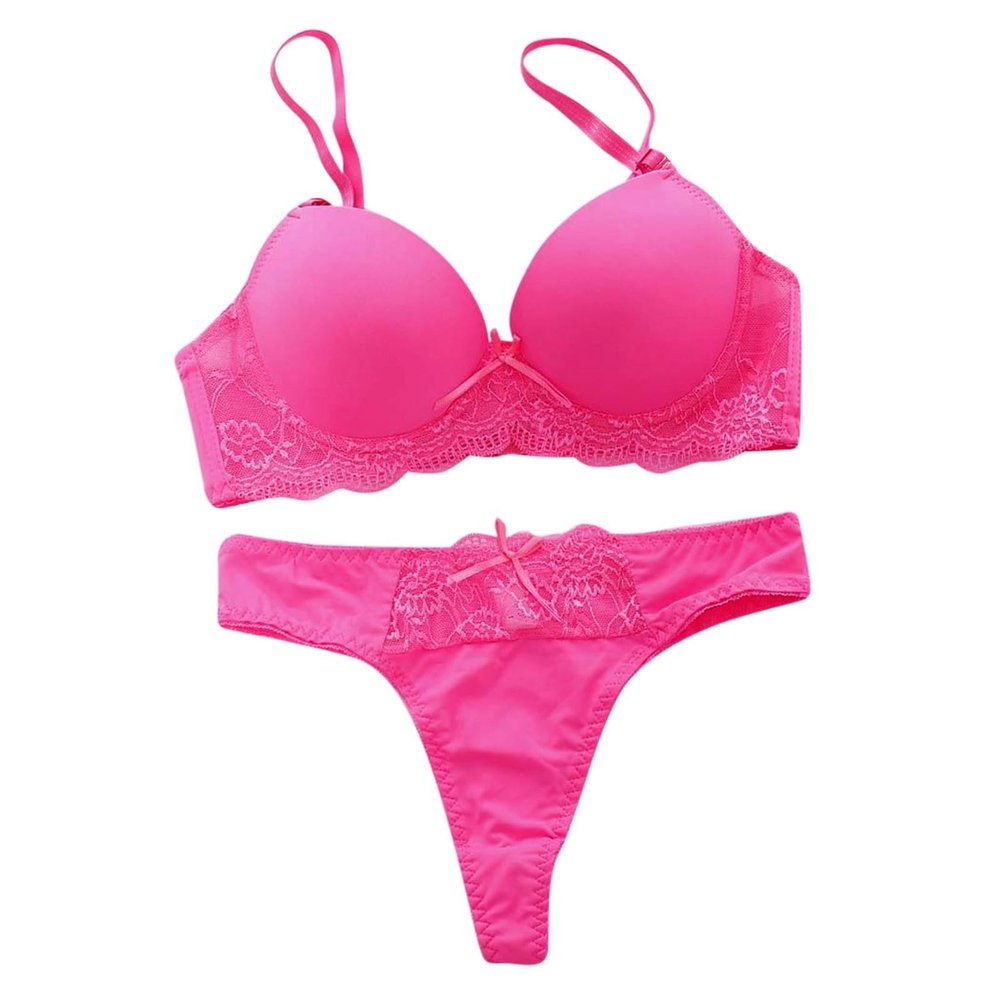 Women's Lace Push-Up Bra and Panty Set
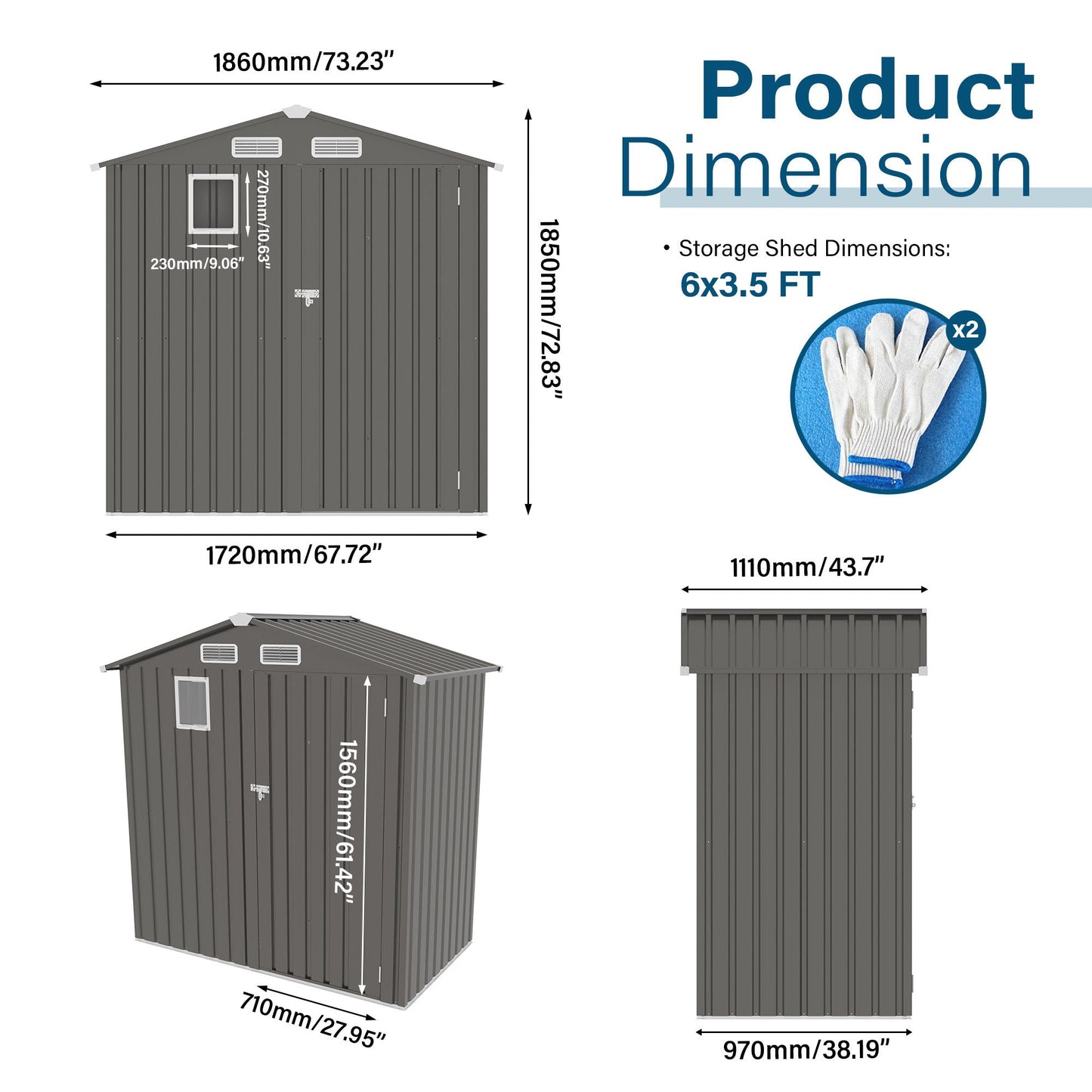 Compact Outdoor Storage Shed and a Lockable Door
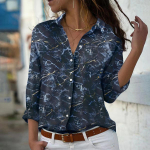 Jooned Prindi Naiste pluus Kevad s&uuml;gis Femme Office Lady Button Up Turn Down kraega s&auml;rgid 2XL must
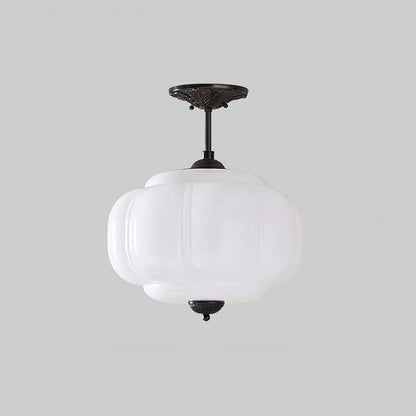 Półwpuszczana lampa sufitowa Eldio ze szkła w kolorze zielonym 9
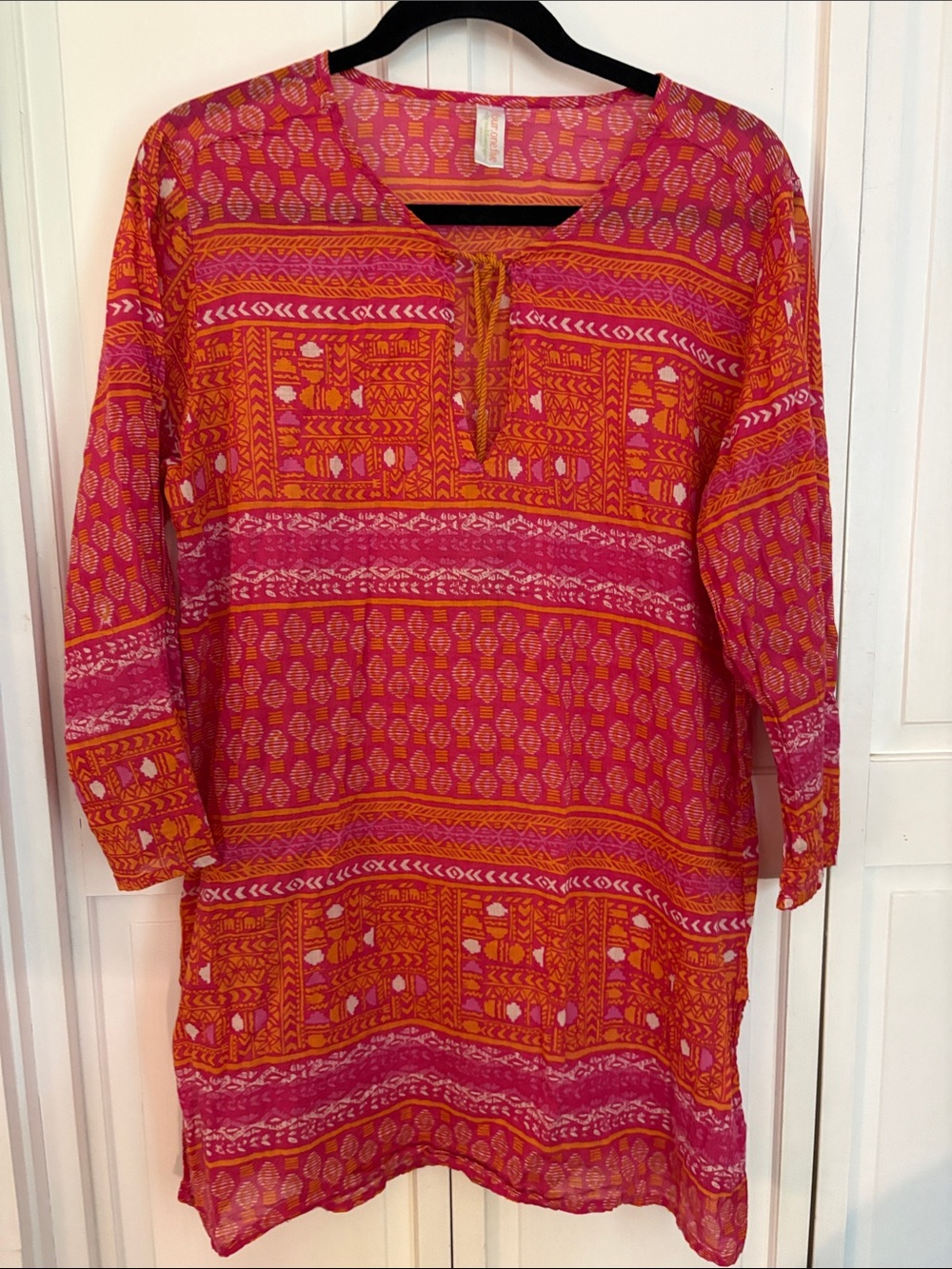 Vibrant Pink & Orange Printed Tunic shirt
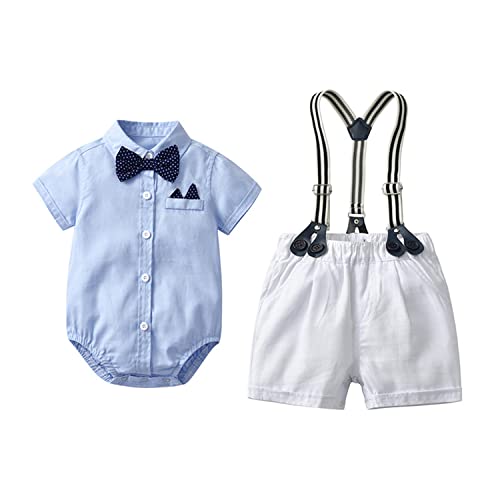 Volunboy Bebé Niño Caballero Conjunto, Camisa de Manga Corta con Pajarita + Corta Pantalón Traje Ropa(Azul,3-6 meses,Tamaño 59)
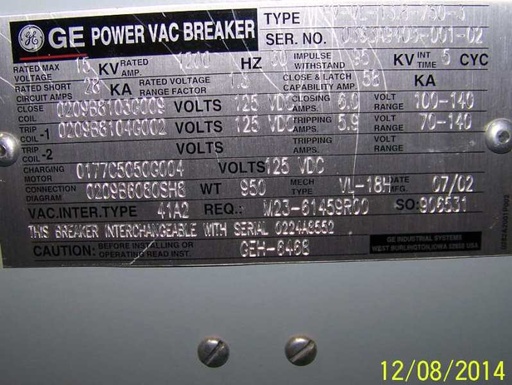 1200 Amp, GE, PV-VL-13.8-750-3, 15 KV, 2002, 125 VDC CLOSE & TRIP, HIGH BOY:1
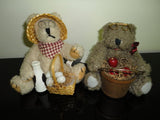 Wangs Intl Pacific Craft 2 FARM BEARS with Eggs Milk Basket Apples Wooden Bucket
════════════════════
*Action item:*
Everything from the first line of the entries through the line containing "Vibrant Pink & Orange Printed Tunic shirt" is to be transcribed exactly; the pictures are not.

*Task response:*
 Women's Lace Push-Up Bra and Panty Set
 Compact Outdoor Storage Shed and a Lockable Door
 Jooned Prindi Naiste pluus Kevad s&uuml;gis Femme Office Lady Button Up Turn Down kraega s&auml;rgid 2XL must
 Półwpuszczana lampa sufitowa Eldio ze szkła w kolorze zielonym 9
 Vibrant Pink & Orange Printed Tunic shirt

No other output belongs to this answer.